Als Rebell sieht sich der Kopf der Partei, der 50-jährige Volkswirtschaftsprofessor Bernd Lucke aus Hamburg, aber nicht.

„Eine Rebellion ist ja etwas Gewaltsames.“ Er nennt es „Aufbegehren gegen die Euro-Rettungspolitik“. Die Alternative", wie sich die Partei in Kurzform bezeichnet, besteht neben Lucke zur Mehrheit aus Euroskeptikern mittleren Alters, aus Intellektuellen des konservativ-liberalen Lagers. Dazu zählen der Publizist Konrad Adam, der ehemalige Tübinger Wirtschaftsprofessor Joachim Starbatty und der ehemalige Präsident des Bundesverbands der deutschen Industrie, Hans-Olaf Henkel. Die Protestpartei wirbt mit griffigen Parolen wie „Schluss mit diesem Euro“ und „Über Glühbirnen und Gurkenkrümmungen kann der Bundestag allein entscheiden“. Sie setzt sich für einen Europakurs nach britischer Denkart ein: so viel Europäische Union wie nötig, aber so wenig wie möglich. Doch wie soll ein Austritt aus dem Euro funktionieren? „Das kann nicht plötzlich und über Nacht geschehen, sondern nur gleitend“, meint Lucke. Dazu müssten gleichzeitig zum Euro nationale Währungen eingeführt werden.

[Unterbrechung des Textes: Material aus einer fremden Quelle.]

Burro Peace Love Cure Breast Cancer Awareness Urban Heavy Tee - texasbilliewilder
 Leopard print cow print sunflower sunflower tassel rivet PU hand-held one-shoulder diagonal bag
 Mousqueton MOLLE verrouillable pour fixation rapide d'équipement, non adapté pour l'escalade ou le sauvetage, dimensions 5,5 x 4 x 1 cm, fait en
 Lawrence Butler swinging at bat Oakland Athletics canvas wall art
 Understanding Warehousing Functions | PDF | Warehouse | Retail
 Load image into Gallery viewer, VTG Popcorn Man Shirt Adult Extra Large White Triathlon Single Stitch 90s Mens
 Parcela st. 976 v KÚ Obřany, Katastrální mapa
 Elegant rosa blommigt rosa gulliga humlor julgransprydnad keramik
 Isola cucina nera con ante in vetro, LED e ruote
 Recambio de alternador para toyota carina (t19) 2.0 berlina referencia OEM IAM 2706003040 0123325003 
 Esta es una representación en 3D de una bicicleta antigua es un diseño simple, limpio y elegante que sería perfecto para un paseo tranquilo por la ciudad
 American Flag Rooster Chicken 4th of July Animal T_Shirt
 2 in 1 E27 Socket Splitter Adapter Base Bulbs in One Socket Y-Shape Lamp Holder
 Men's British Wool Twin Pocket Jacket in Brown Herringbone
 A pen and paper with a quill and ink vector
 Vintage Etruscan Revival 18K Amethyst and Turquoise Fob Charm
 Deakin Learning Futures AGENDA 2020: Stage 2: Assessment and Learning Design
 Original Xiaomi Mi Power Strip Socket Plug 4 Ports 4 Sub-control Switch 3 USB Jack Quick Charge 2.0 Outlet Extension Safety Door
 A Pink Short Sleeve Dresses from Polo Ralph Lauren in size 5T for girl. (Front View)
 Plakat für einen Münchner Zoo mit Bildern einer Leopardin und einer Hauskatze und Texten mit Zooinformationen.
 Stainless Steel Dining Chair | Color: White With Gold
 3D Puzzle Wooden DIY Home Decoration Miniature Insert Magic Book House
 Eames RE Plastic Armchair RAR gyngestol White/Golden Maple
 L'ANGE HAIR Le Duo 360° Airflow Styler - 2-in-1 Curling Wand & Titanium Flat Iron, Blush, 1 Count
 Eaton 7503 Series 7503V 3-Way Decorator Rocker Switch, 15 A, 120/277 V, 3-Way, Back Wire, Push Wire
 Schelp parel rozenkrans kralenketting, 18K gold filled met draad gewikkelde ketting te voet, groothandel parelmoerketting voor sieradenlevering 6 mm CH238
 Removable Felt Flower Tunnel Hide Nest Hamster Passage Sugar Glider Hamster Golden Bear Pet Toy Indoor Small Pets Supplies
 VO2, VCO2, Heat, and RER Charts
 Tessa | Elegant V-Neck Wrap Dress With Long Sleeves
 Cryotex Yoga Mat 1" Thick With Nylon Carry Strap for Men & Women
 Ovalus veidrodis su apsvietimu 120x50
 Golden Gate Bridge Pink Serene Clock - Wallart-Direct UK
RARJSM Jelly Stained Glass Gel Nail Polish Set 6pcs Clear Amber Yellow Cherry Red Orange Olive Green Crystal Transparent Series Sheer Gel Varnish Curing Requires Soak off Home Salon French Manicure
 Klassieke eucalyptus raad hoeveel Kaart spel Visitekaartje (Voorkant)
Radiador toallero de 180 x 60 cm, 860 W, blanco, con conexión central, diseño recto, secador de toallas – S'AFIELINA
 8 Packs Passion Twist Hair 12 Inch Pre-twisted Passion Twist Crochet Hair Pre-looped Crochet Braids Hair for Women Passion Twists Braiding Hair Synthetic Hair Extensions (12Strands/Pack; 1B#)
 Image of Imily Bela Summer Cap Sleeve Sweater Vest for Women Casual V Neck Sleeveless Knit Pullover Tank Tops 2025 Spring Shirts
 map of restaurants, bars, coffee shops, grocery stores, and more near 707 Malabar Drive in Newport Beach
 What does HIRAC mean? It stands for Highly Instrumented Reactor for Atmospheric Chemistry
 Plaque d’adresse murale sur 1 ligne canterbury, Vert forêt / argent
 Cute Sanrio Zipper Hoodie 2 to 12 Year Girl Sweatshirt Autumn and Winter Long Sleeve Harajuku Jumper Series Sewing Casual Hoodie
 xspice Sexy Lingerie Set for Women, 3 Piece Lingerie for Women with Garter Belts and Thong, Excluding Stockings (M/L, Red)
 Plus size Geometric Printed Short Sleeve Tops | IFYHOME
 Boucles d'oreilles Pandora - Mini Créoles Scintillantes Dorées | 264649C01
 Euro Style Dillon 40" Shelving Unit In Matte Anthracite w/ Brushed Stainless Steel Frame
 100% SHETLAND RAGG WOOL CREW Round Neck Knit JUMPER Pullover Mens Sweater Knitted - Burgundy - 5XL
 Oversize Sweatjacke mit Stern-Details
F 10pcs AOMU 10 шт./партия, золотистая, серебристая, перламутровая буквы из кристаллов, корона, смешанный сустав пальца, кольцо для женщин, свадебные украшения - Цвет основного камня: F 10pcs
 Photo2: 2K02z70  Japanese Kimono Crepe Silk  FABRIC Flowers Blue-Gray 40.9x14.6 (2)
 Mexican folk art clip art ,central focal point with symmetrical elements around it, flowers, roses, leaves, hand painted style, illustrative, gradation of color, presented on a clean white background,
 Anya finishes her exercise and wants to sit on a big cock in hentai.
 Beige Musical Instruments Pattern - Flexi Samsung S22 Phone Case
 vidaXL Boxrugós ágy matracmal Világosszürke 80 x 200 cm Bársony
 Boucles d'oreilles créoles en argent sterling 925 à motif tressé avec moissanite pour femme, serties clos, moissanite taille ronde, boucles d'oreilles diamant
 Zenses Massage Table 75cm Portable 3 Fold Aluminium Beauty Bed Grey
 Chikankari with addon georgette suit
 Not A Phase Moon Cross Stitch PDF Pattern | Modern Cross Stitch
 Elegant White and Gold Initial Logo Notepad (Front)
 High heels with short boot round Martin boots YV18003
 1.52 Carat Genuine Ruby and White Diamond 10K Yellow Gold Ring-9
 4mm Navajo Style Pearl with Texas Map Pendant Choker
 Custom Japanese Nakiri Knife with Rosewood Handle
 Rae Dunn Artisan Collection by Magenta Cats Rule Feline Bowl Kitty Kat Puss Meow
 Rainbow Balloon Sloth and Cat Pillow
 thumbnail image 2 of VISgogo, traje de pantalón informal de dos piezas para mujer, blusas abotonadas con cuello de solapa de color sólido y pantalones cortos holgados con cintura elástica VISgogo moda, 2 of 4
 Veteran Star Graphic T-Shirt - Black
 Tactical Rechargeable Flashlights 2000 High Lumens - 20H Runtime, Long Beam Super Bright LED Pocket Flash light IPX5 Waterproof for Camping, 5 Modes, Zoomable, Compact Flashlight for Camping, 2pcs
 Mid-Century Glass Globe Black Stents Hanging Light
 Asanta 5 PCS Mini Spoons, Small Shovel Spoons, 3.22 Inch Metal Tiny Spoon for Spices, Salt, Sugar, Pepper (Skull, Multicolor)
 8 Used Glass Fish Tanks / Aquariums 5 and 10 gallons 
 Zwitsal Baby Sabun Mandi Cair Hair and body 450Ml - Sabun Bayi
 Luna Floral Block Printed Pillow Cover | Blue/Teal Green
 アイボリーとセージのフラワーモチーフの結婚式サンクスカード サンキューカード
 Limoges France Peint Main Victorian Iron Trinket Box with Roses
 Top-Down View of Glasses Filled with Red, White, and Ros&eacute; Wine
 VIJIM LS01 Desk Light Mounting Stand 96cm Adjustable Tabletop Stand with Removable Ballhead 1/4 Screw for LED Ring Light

Dass die Lösungen der „Alternative für Deutschland“ auf Interesse stoßen, zeigte eine Informationsveranstaltung, zu der die Euro-Kritiker vergangene Woche eingeladen hatten. Rund 1200 Menschen kamen in die Stadthalle im hessischen Oberursel. „Seitdem werden wir täglich förmlich überrannt mit Unterstützungs-E-Mails“, sagt Lucke und sieht darin ein Zeichen dafür, dass die Partei eine Stimmung in der Gesellschaft aufgreife.

Am 14. April soll der konstituierende Parteitag in Berlin stattfinden. Danach sollen Landesverbände aufgebaut und Landeslisten erstellt werden, damit die Partei an der Bundestagswahl teilnehmen kann. Dazu muss sie – sobald die Landeslisten komplett sind – bis zum 15. Juli in jedem Bundesland Unterschriften von entweder 0,1 Prozent der Wahlberechtigten oder mindestens 2000 Personen je Bundesland sammeln. Lucke sieht darin keine unüberwindliche Hürde. Und er glaubt, dass seine Partei den Einzug in den Bundestag schaffen kann.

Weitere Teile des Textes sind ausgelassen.